After last week's topic, it's time to get back to the day-to-day realities of my life with Multiple Myeloma. There will be more to report and mutually experience as my CAR-T journey unfolds, but in the meantime - let's keep the odd-servations flowing.
Either as the result of neurosis or neuropathy (Chemotherapy-Induced Peripheral Neuropathy / CIPN; not to be confused with the more painful and debilitating Diabetic Neuropathy - which I do NOT have, fortunately), I have come to the rather rational realization that I need to have slippers on during the evening when I walk around. Actually, since I already always wear shoes throughout the day, I'm thinking it's not such a big leap to want my feet covered in the evening as well. It doesn't have to be socks and slippers at night (eww), but comfortable nightwear with some kind of hard sole (mukluks are out!). I just can't go around barefoot - day or night.
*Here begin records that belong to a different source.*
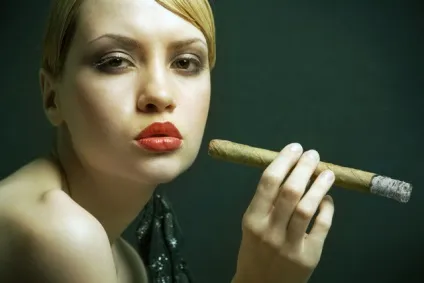 Легендарні кубинські сигари історія, тонкощі виробництва і цікаві факти (тютюнова індустрія) Легендарні кубинські сигари історія, тонкощі виробництва і цікаві факти
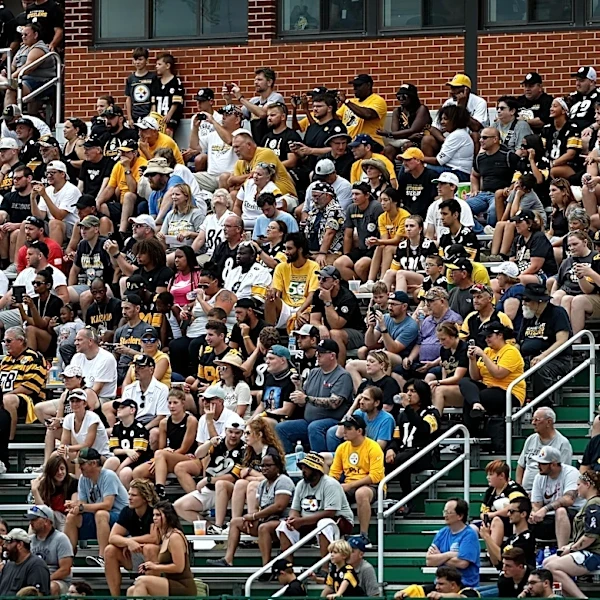 Saturday Night Open Thread: Saturday Night Lights!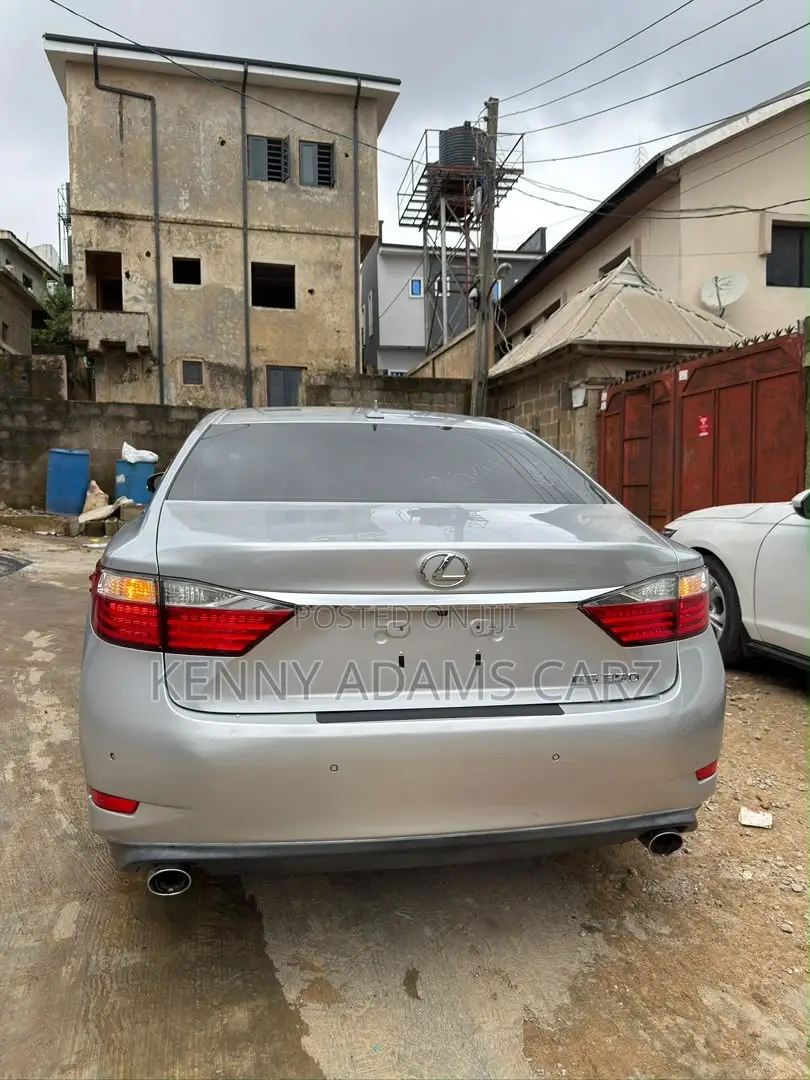 Lexus ES 2013 Silver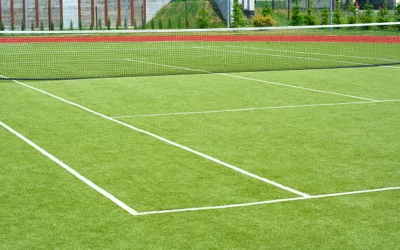 Comment l&rsquo;orientation du terrain affecte-t-elle la construction d&rsquo;un court de tennis à Lyon ?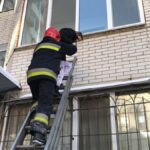 Рятувальники врятували з пожежі на Поділлі трьох дорослих та чотирьох дітей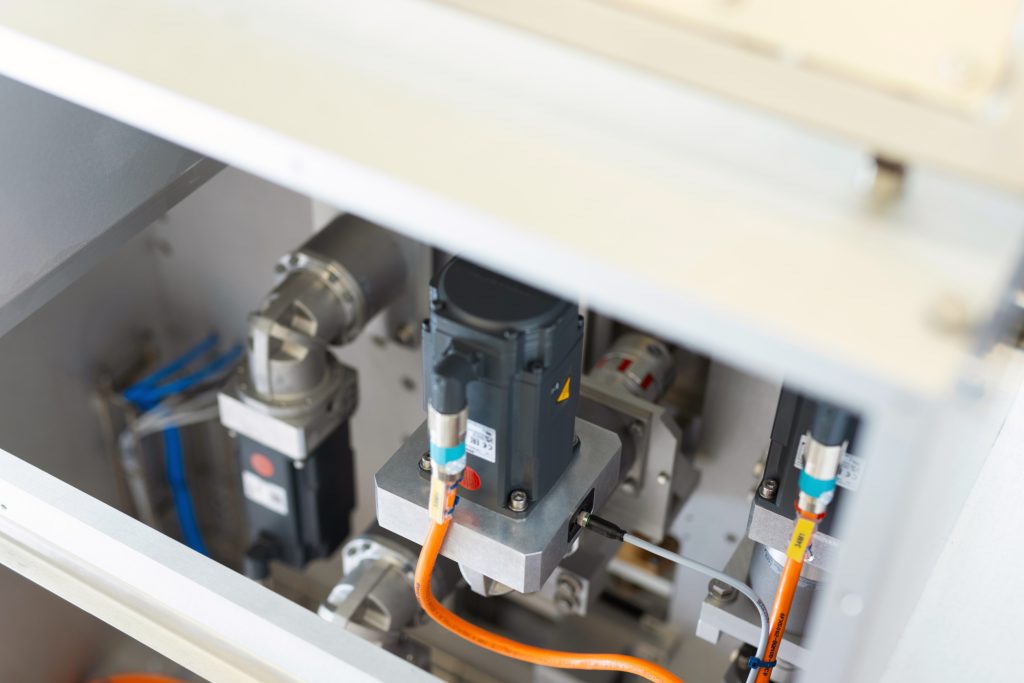 Verpackungsprozesse digital überwachen 3 Das Cynapse-Modul im Antrieb des Schneidmessers erfasst neben Temperaturwerten auch Vibrationen sowie Beschleunigungswerte.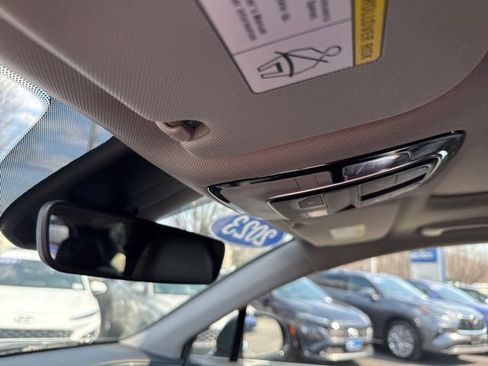 Used 2023 Hyundai Santa Fe SEL w/ Premium Package image 41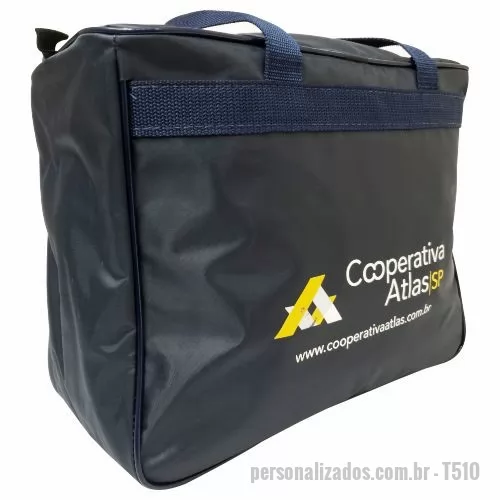 Bolsa térmica personalizada - Bolsa Térmica com capacidade para 18 litros com alça dupla de mão. Disponível em várias cores. Gravação da Logomarca em até 3 cores já inclusa.  Tamanho: 36 cm X 28 cm X 18 cm. Revestimento externo: Nylon 70. Revestimento interno: PVC Laminado. Acabamento: Vivo. Alça: Dupla de Mão.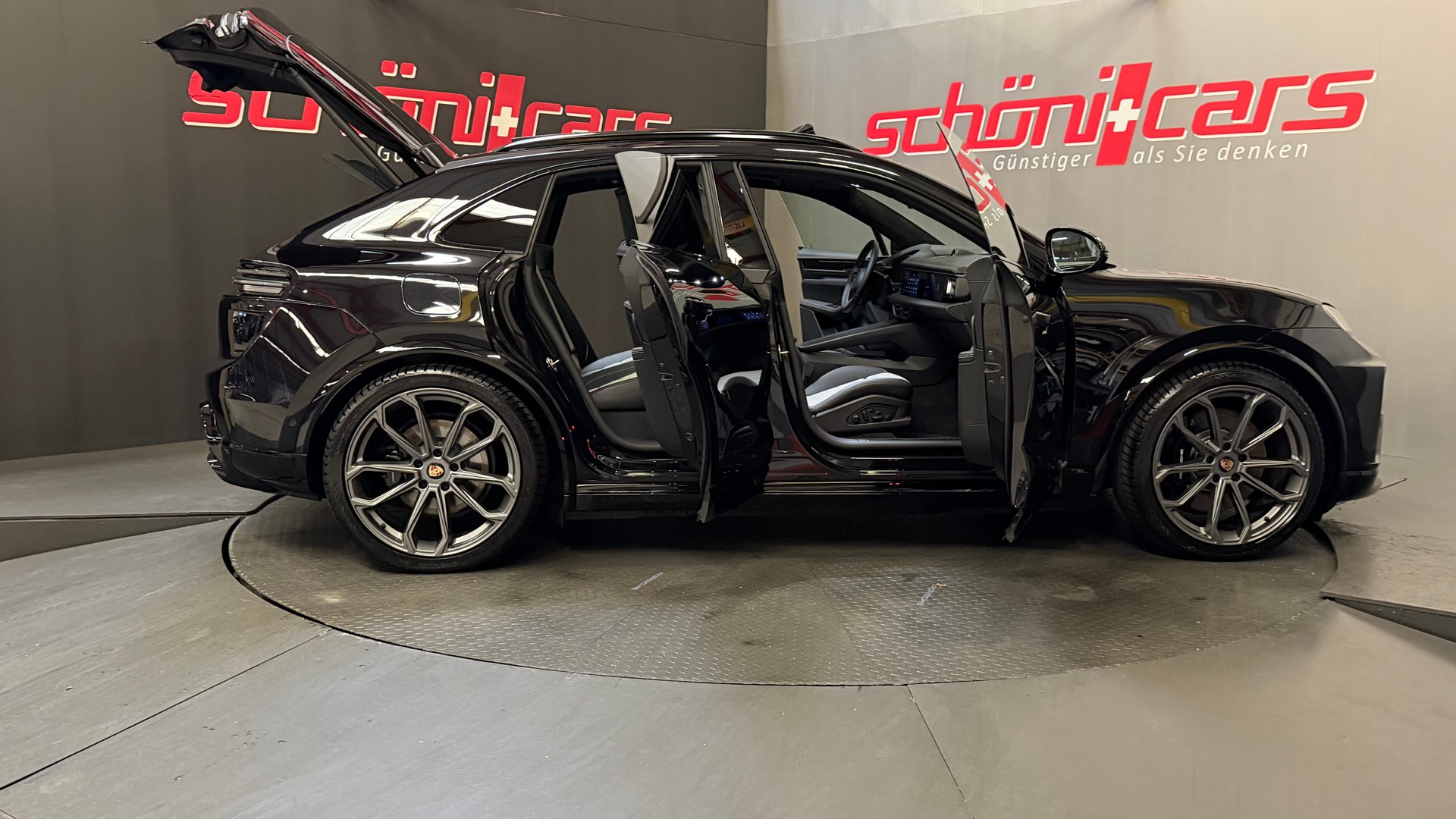PORSCHE Macan Turbo 100kWh-image-7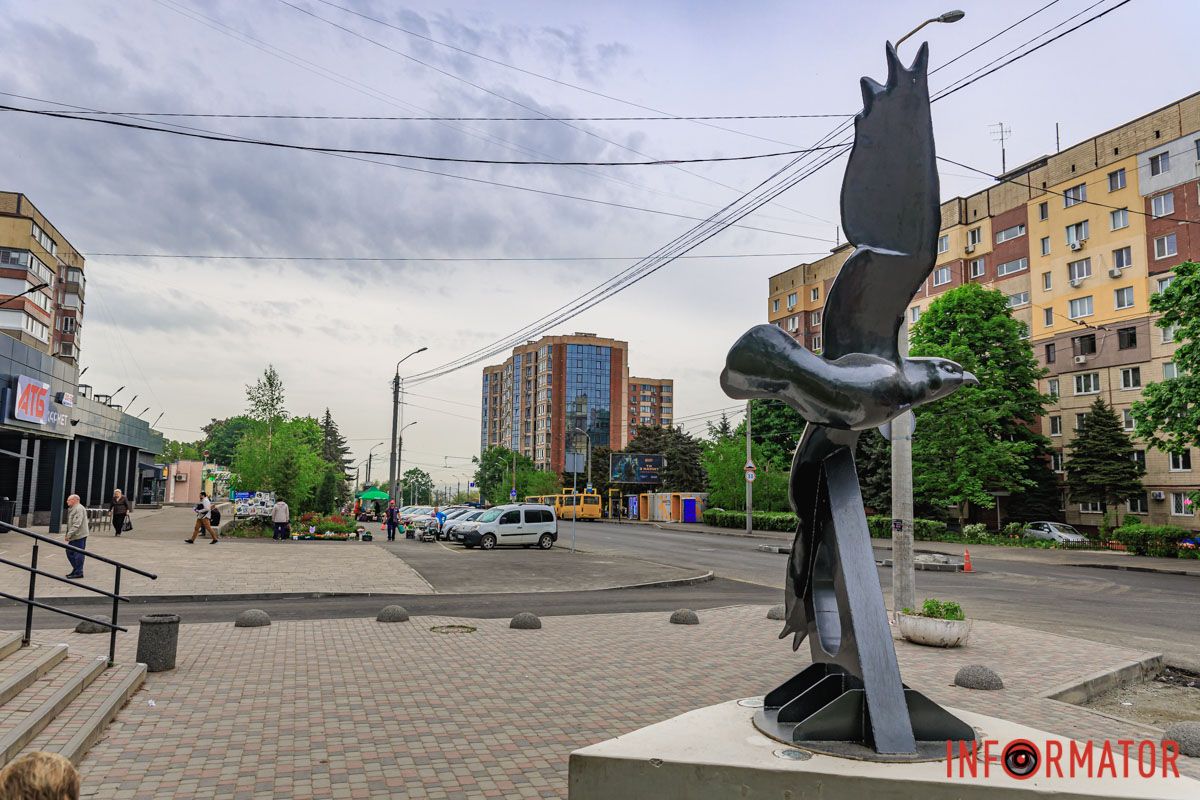 Дорогу на жилом массиве Сокол в районе бульваре Славы ремонтировали еще в 2004 году Дорогу на жилом массиве Сокол в районе бульваре Славы ремонтировали еще в 2004 году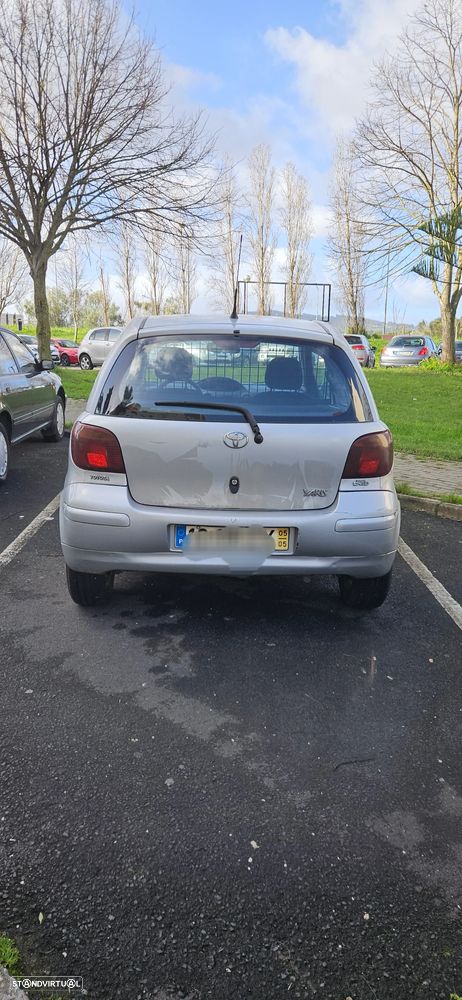 Toyota Yaris 1.4 D-4D Sol AC - 9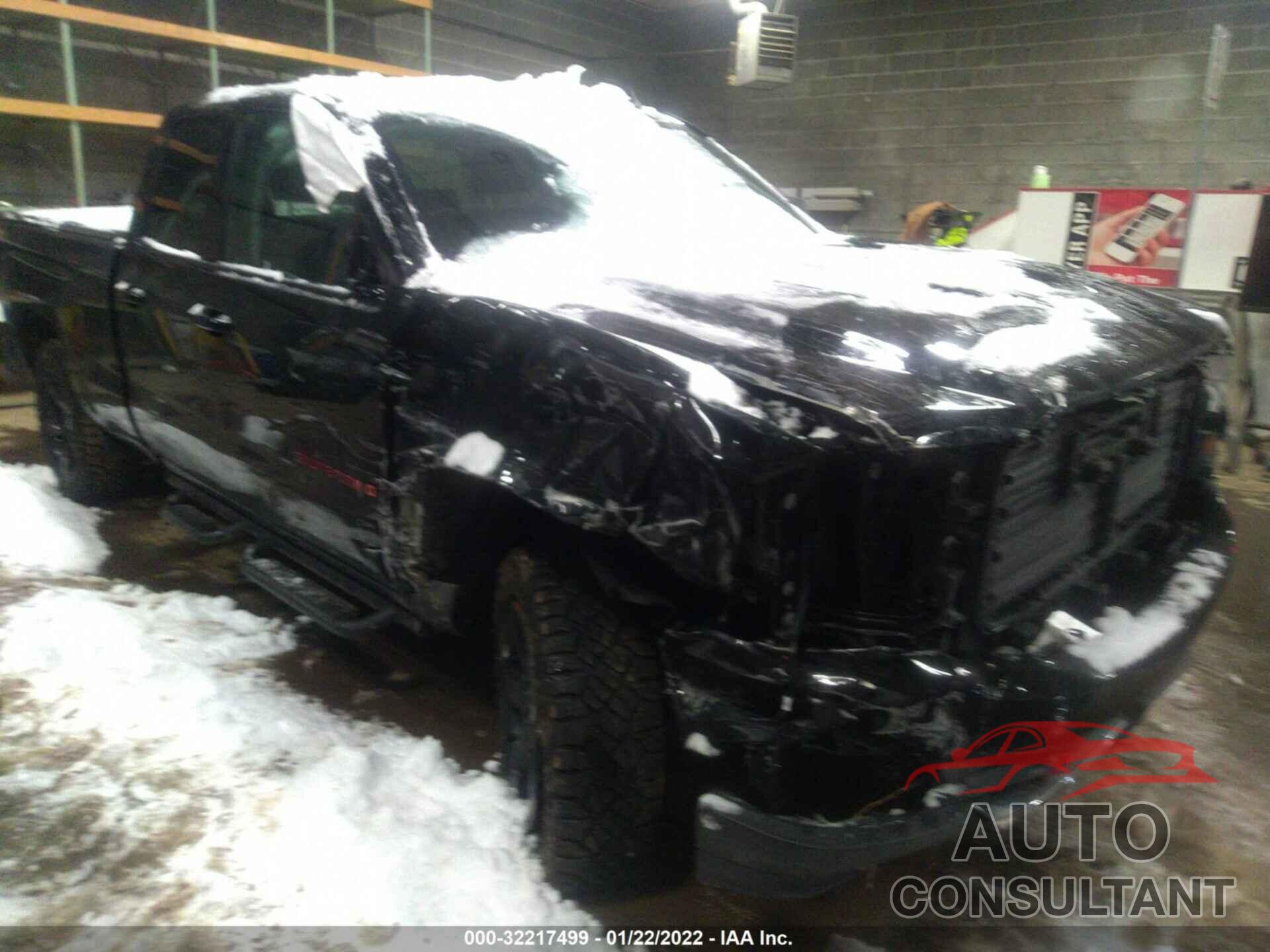 CHEVROLET SILVERADO 1500 2017 - 1GCVKREC5HZ295546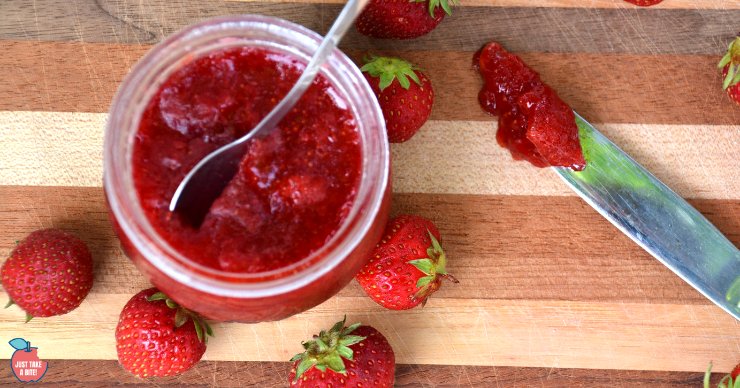 Summer preservation just got a little easier. This pectin-free easy strawberry freezer jam is the perfect way to use fresh strawberries. Just FOUR real food ingredients!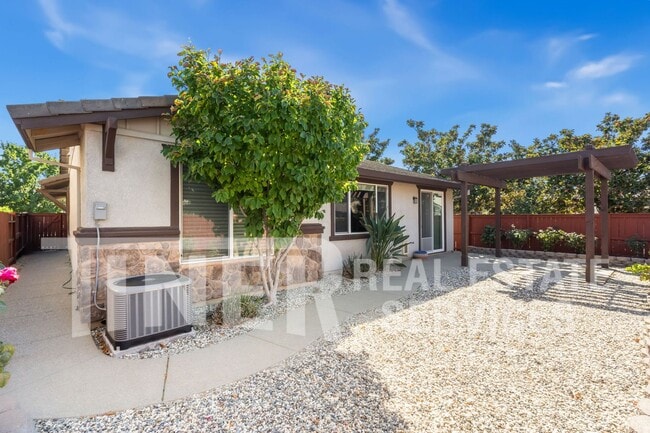 Building Photo - 9656 Oakham Way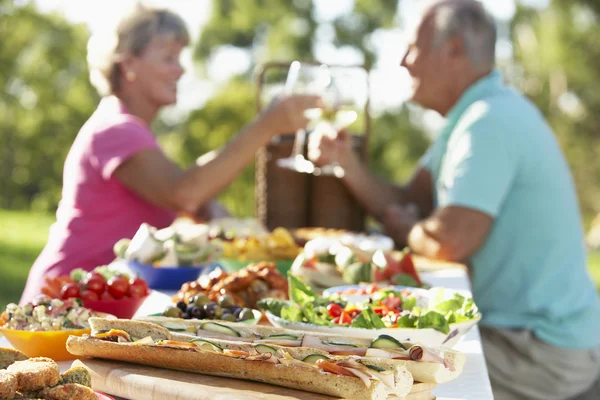 Par middagar utomhus, rosta varandra — Stockfoto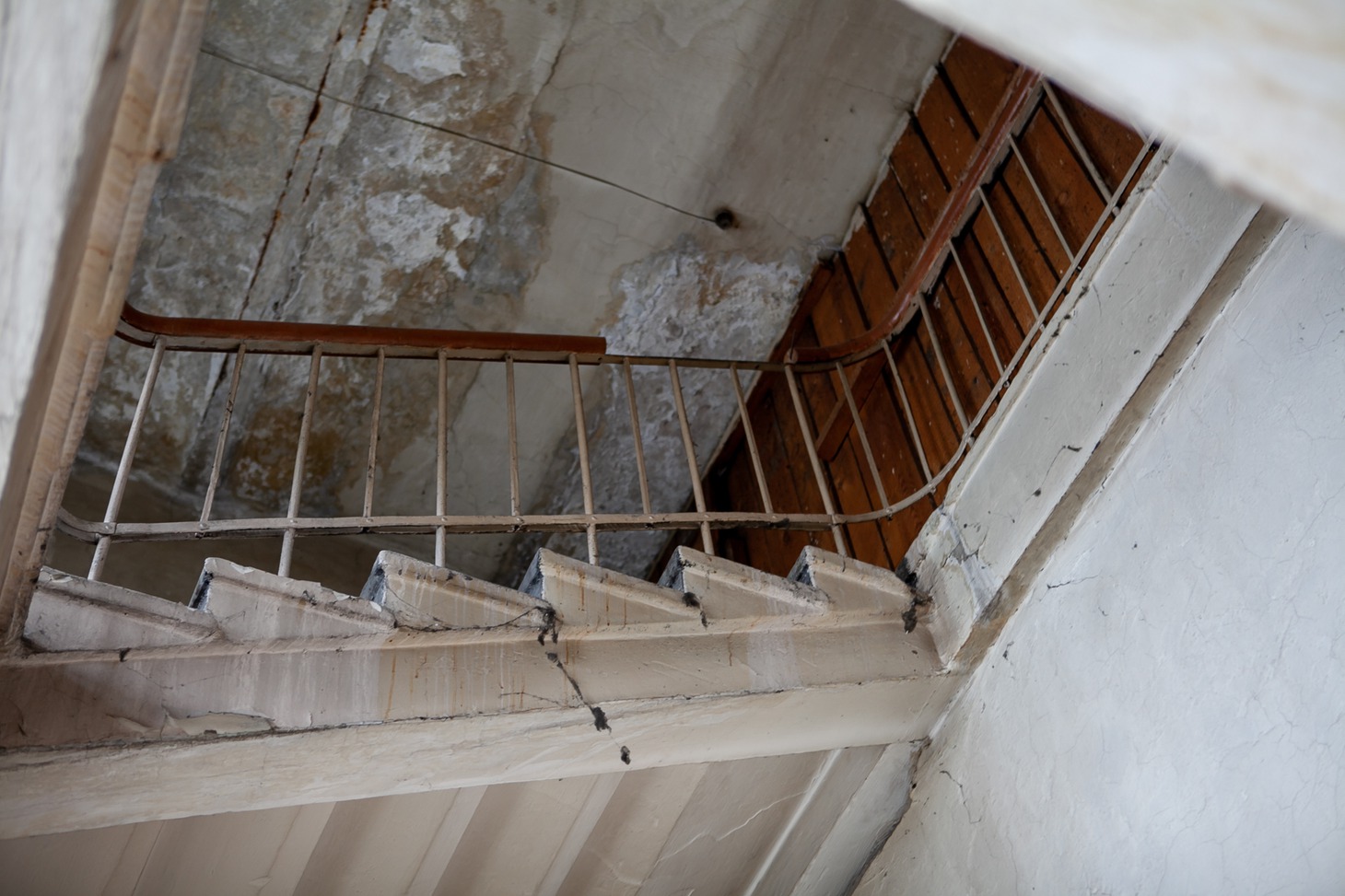 Внутри здания сейчас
It is a noticeable discomfort or appreciable aspect of my physical stability to not have my feet covered and protected or buffered on the bottom. The neuropathy in my feet doesn't really hurt or compromise my balance in any way; either foot. It's more that for me, footwear provides a confidence of the certainty of my mobility. Not to mention, that stepping on hard or sharpish objects in bare/socked feet hurts - I admit it. Like so many other minor aspects of my life with cancer, I acknowledge that they are a reality, I don't lament that they exist, and I modify my life or behavior in order to manage the situation and keep moving on.
And so, that's what I do. I identify a cancer-related situation that needs attention or adjusting, I come up with a remedy that is minimally invasive and maximally effective (to the best of my ability), and I apply it to my life in order to keep things as normal as possible (under the circumstances). I don't think this is particularly unique or revolutionary, but I do find that it helps ME manage my disease-related, quality of life "side effects" (vs pharmaceutically-related side effects), and helps keep me in control of an understandably somewhat out-of-control aspect of my life. I gotta fever, the fever is CIPN, and the only prescription is more slippers.